Let $X = \mathbb{R}$ and $K = \{ 1/n : n \in \mathbb{N} \}$. If we call $\mathscr{B}$ the collection of all open intervals $(a,b)$ and the sets of the form $(a,b) - K$, then this generates a topology $\mathscr{T}_K$ called the $K$-topology on $\mathbb{R}$.
We want to prove that standard topology on real line is strictly smaller than $K$-topology.
Attempt:
Let $\mathscr{T}$ be the standard topology on line. We show $\mathscr{T} \subsetneq \mathscr{T}_K$
The inclusion is trivial as $\mathscr{T}_K$ contains all opens sets of standard topology. We still need to find some open set in $\mathscr{T}_K$ that is not open in standard topology.
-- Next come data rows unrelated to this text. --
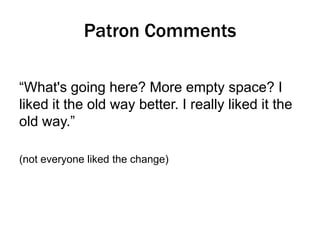 Patron Comments
“What's going here? More empty space? I
liked it the old way better. I really liked it the
old way.”
(not everyone liked the change)

 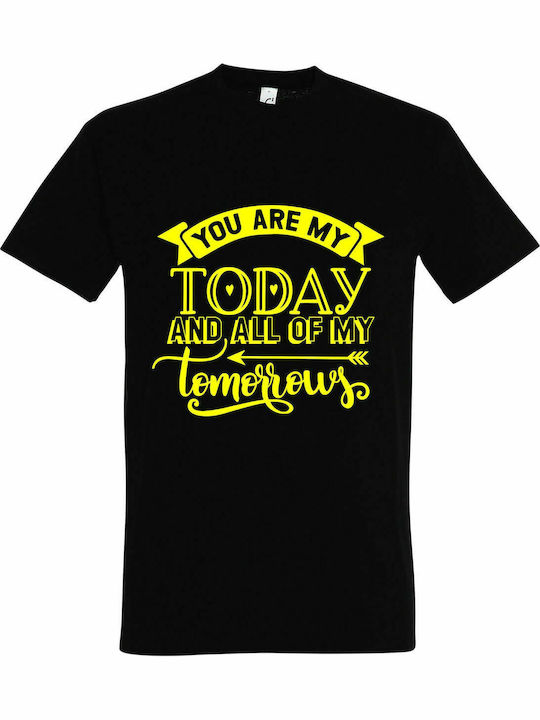 T-shirt Unisex " You Are My Today And All Of My Tomorrows, Valentine ", Black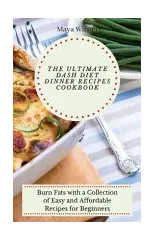 The Ultimate Dash Diet Dinner Recipes Cookbook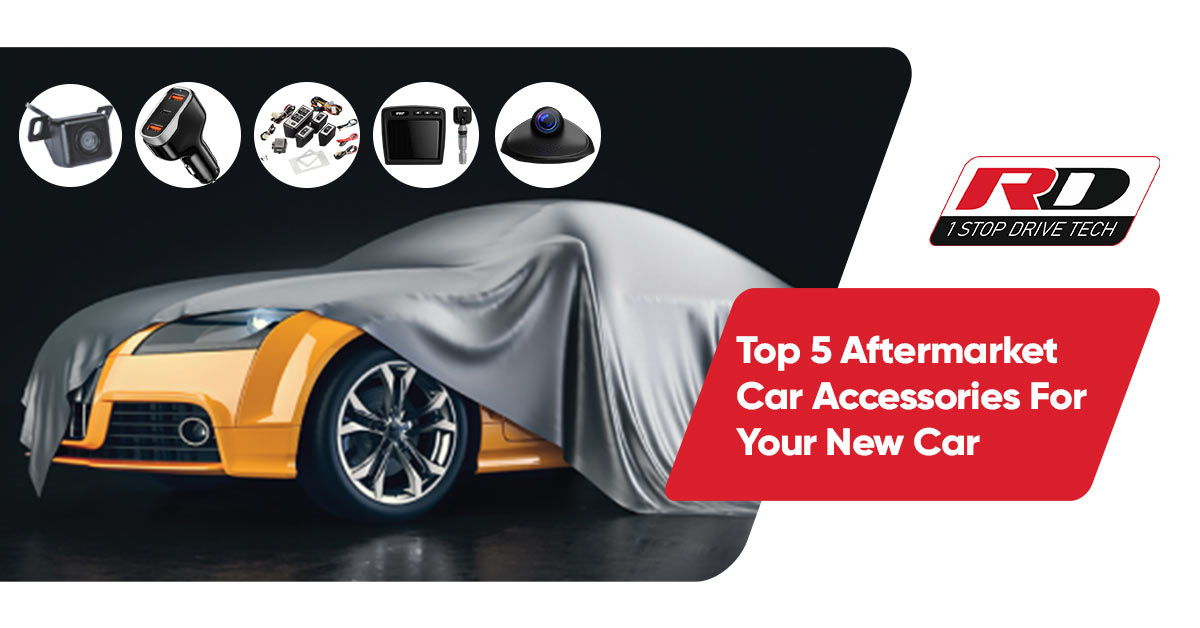 Top 5 Aftermarket Car Accessories For Your New Car – RD Overseas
Im trying to understand the k-open sets: Well, if $(a,b)$ does not contain $0$, then this would just be the standard open set. However, if $0 \in (a,b)$, then
$$ (a,b) - K = \{ x \in \mathbb{R} : a<x<b \; \; and \; \; x \neq 1/n \}$$
Now we may write this as $(a,0) \cup \bigcup_{i=1}^{N} \left( \dfrac{1}{i+1}, \dfrac{1}{i} \right) \cup (1/N, b)$
Is this how we can write open sets?
Consider $(0,1)-K = \{0 \} \bigcup (1/[i+1], 1/i)$
So, this is not open in standard topology since $\{ 0 \}$ is not open. Is this correct?
The $K$-topology is the topology where we add to the closed sets of the Euclidean real line a new closed set $K$ (new as it is not Euclidean closed as $0$ is a limit point of $K$, that is not in $K$). So in particular $K^\complement = \Bbb R \setminus K$ is not Euclidian open but is open in the $K$-topology, showing the proper inclusion.
It's of course not a coincidence that $0 \notin K$ and this new closed set $K$ will precisely be the counterexample to regularity....